EXERCISE OBJECTIVE> If pictures are present, leave them out, and copy the data word for word.

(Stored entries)
□ □ □
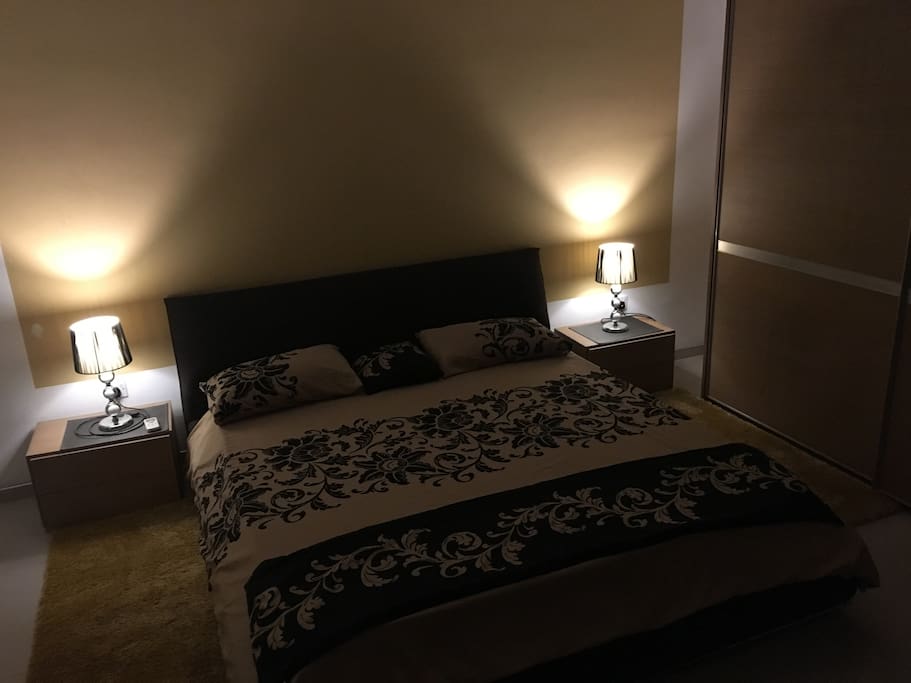 Mainbed room At night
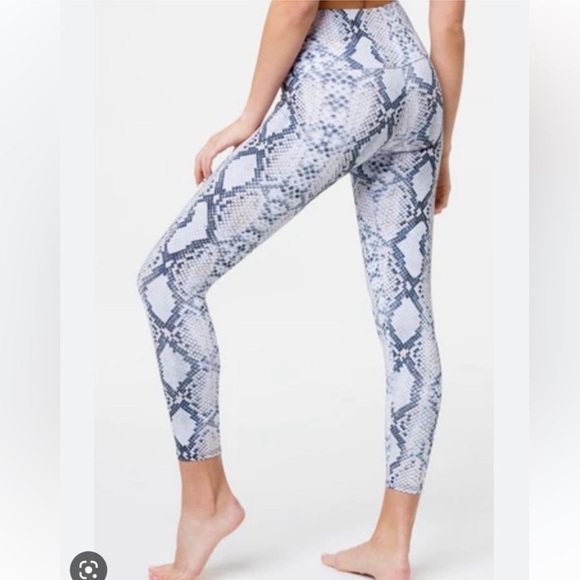 Onzie Pants - Onzie Snake Print Legging on White Size XS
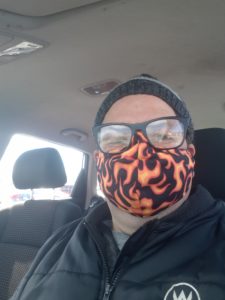 一个戴着火焰图案面具的车里男人。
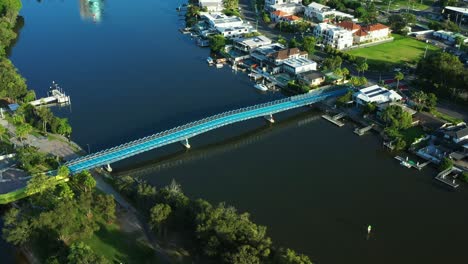 The-Green-Bridge,-allowing-residents-of-Chevron-Isalnd-and-Surfers-Paradise-to-connect-with-the-Home-of-the-Atrs,-Gold-Coast-Australia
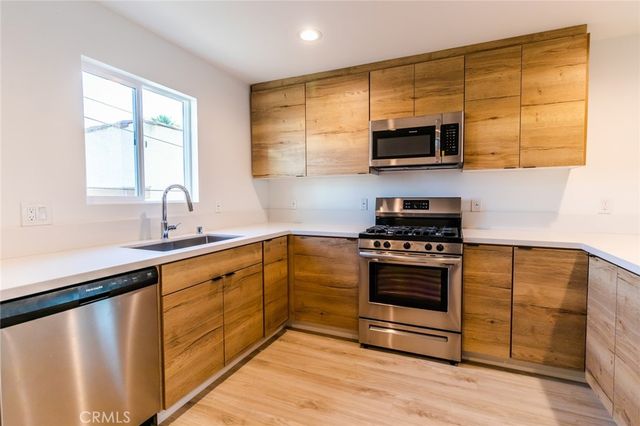5022 Pickford Street, Los Angeles, CA 90019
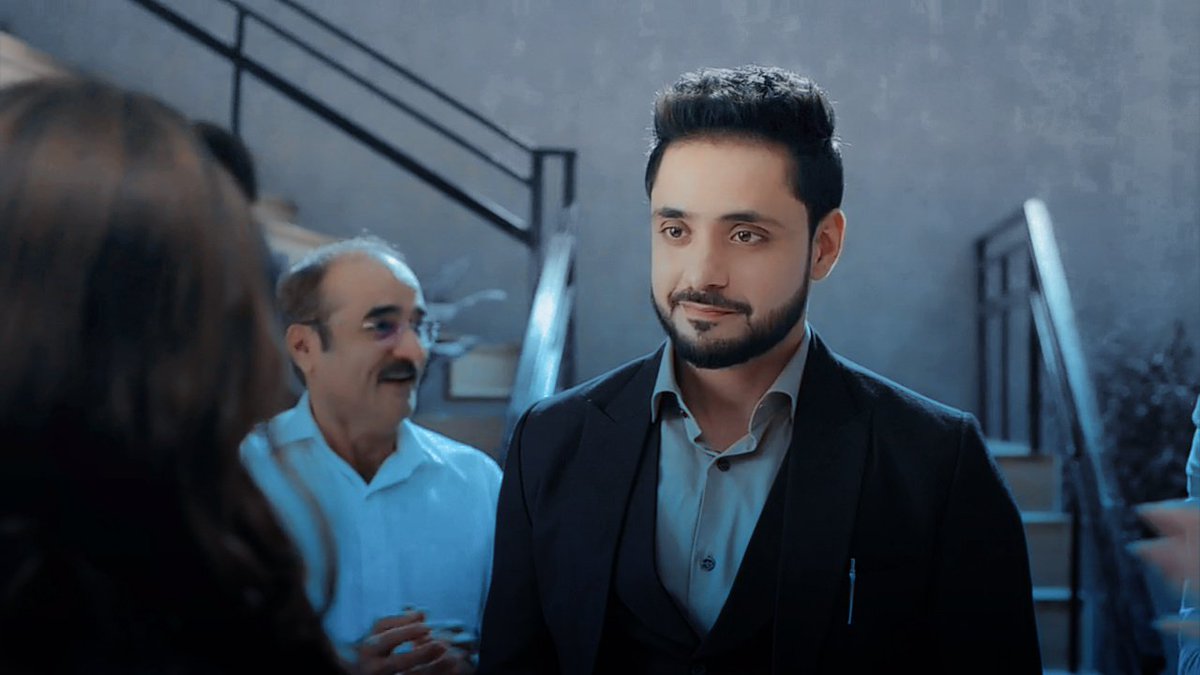 SkLoml's tweet photo. This scene 🫶
he made her a permanent employee of Earth con and gave her the authority to take decisions too💗 their smiles 🥹🤌

#KathaAnkahee #AditiDevSharma #AdnanKhan https://t.co/5B9fYkgZD7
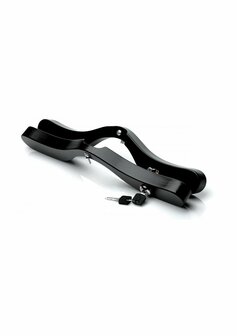Isabella Sinclaire - E-Stim Locking Humbler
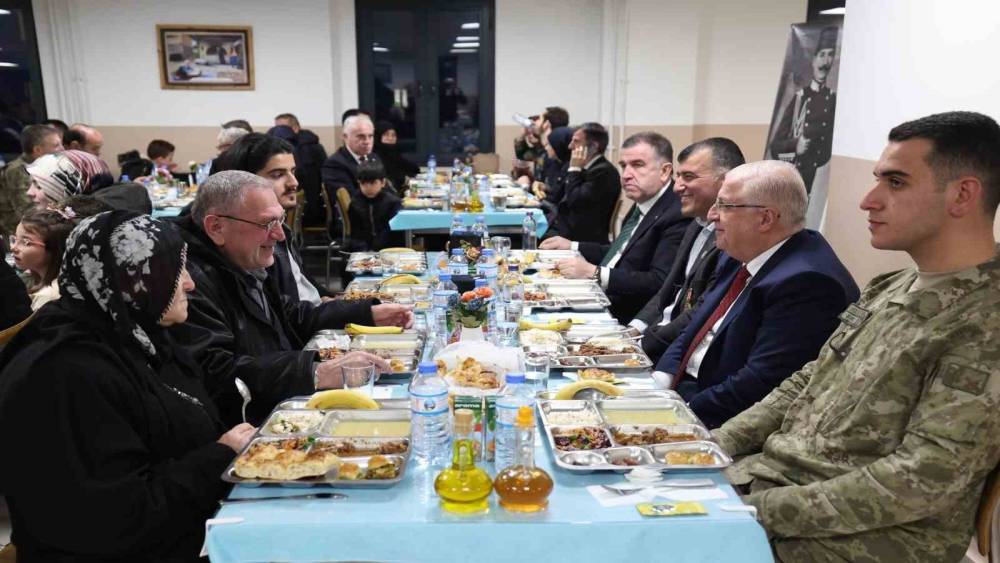 Bakan G&uuml;ler Bayburt&rsquo;ta şehit aileleri ve gazilerle iftarda buluştu
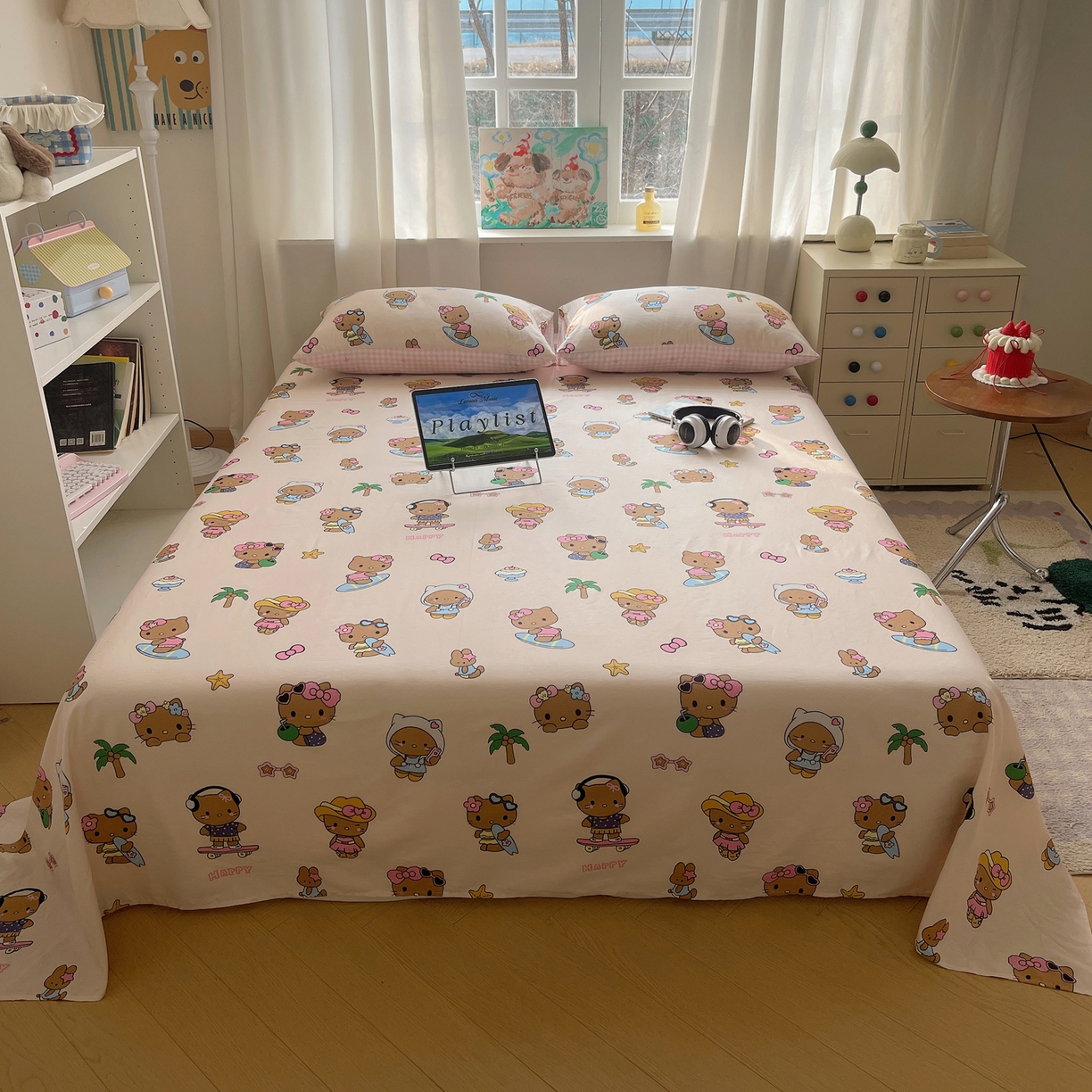 91家纺网 家纺一手货源 找家纺 六巷胡同 2026新款40支全棉13070INS卡通全棉单品床单 度假冲浪猫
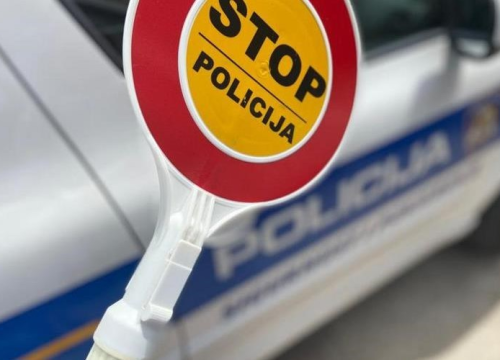 Mladi vozač u Vodicama odbio testiranje na droge, policiji predao marihuanu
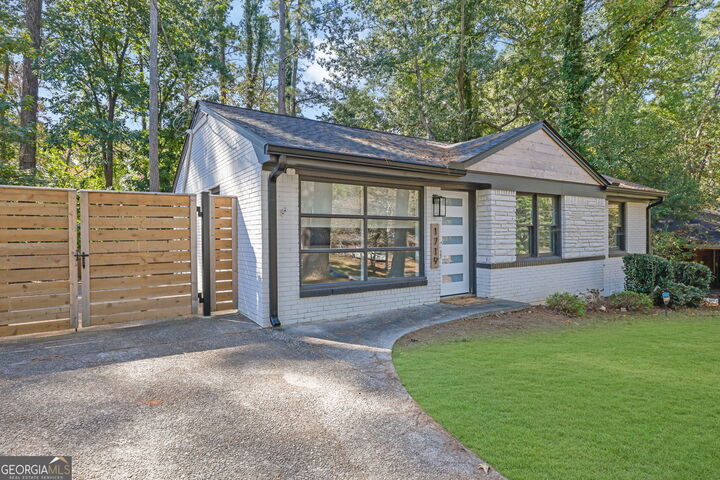 Property Photo: 1719 San Gabriel Avenue GA 30032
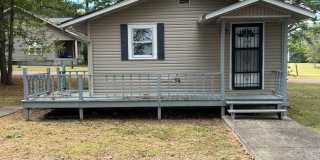 University Place 1- Charming 2 BD, 1 BA Home! Gallery 1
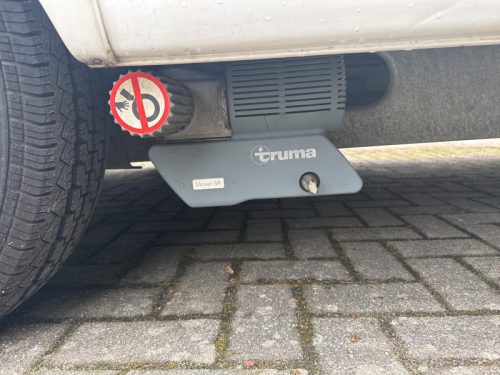 Hobby De luxe Easy 495 UL Mover/Bike rack/Awning photo: 11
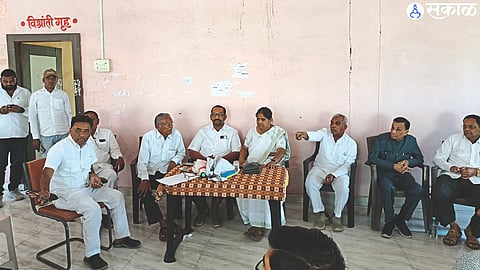 Congress leader Pratibha Shinde while informing about programs of Congress leader MP Rahul Gandhi's Bharat Jodo Nyay Yatra in Dhule city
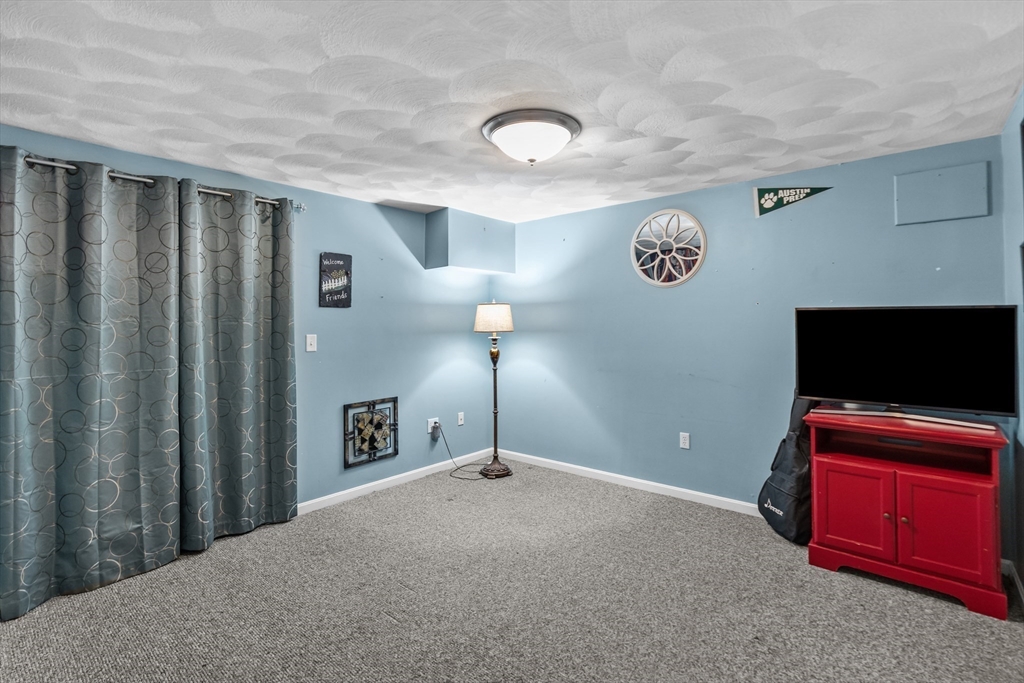 8 Berridge Way North Reading, MA 01864 - Photo 31 of 42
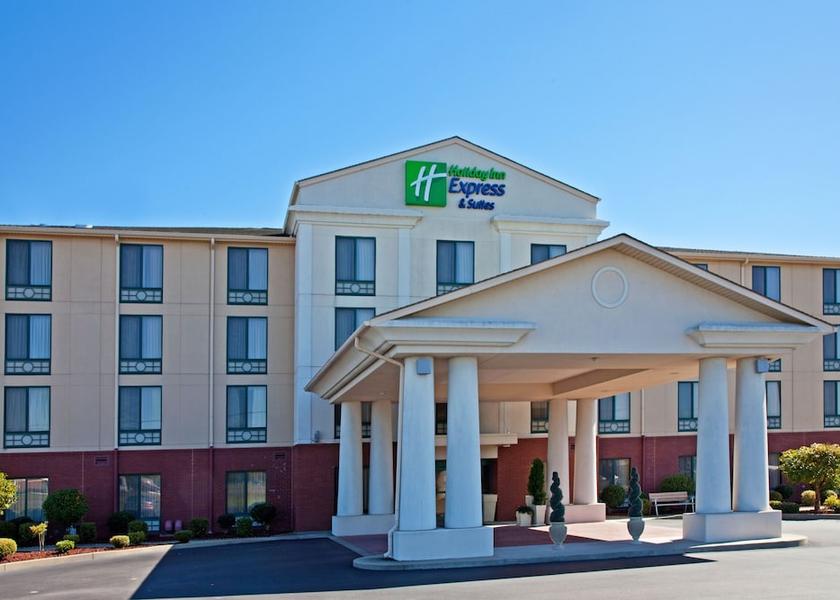 Kentucky Murray Exterior Detail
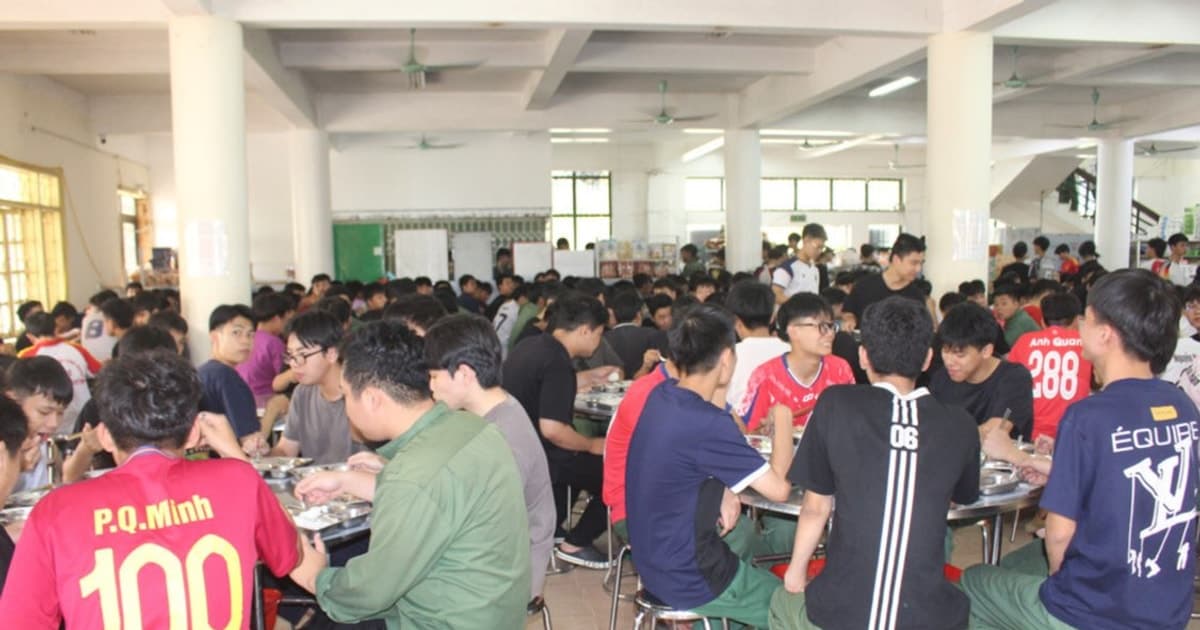 281 sinh viên Thái Nguyên nghi bị ngộ độc thực phẩm, bếp ăn bị phạt 20 triệu đồng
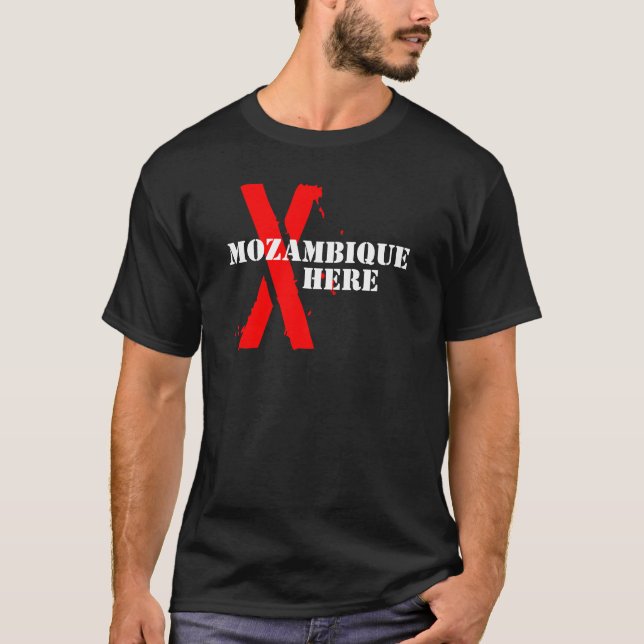 Mozambique : Un T-shirt noir (Devant)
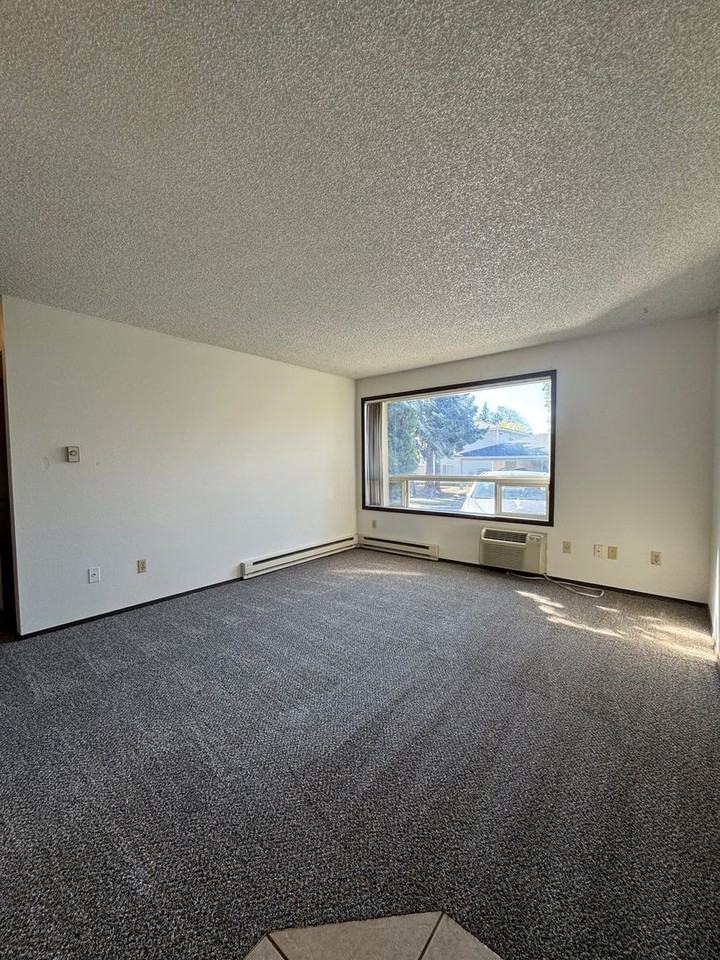 1204 N B St - Photo 3 of 29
□ □ □
WRITTEN SOLUTION>
 Mainbed room At night
 Onzie Pants - Onzie Snake Print Legging on White Size XS
 一个戴着火焰图案面具的车里男人。
 The-Green-Bridge,-allowing-residents-of-Chevron-Isalnd-and-Surfers-Paradise-to-connect-with-the-Home-of-the-Atrs,-Gold-Coast-Australia
5022 Pickford Street, Los Angeles, CA 90019
 SkLoml's tweet photo. This scene 🫶
he made her a permanent employee of Earth con and gave her the authority to take decisions too💗 their smiles 🥹🤌

#KathaAnkahee #AditiDevSharma #AdnanKhan https://t.co/5B9fYkgZD7
Isabella Sinclaire - E-Stim Locking Humbler
 Bakan G&uuml;ler Bayburt&rsquo;ta şehit aileleri ve gazilerle iftarda buluştu
 91家纺网 家纺一手货源 找家纺 六巷胡同 2026新款40支全棉13070INS卡通全棉单品床单 度假冲浪猫
 Mladi vozač u Vodicama odbio testiranje na droge, policiji predao marihuanu
 Property Photo: 1719 San Gabriel Avenue GA 30032
 University Place 1- Charming 2 BD, 1 BA Home! Gallery 1
 Hobby De luxe Easy 495 UL Mover/Bike rack/Awning photo: 11
 Congress leader Pratibha Shinde while informing about programs of Congress leader MP Rahul Gandhi's Bharat Jodo Nyay Yatra in Dhule city
 8 Berridge Way North Reading, MA 01864 - Photo 31 of 42
 Kentucky Murray Exterior Detail
 281 sinh viên Thái Nguyên nghi bị ngộ độc thực phẩm, bếp ăn bị phạt 20 triệu đồng
 Mozambique : Un T-shirt noir (Devant)
 1204 N B St - Photo 3 of 29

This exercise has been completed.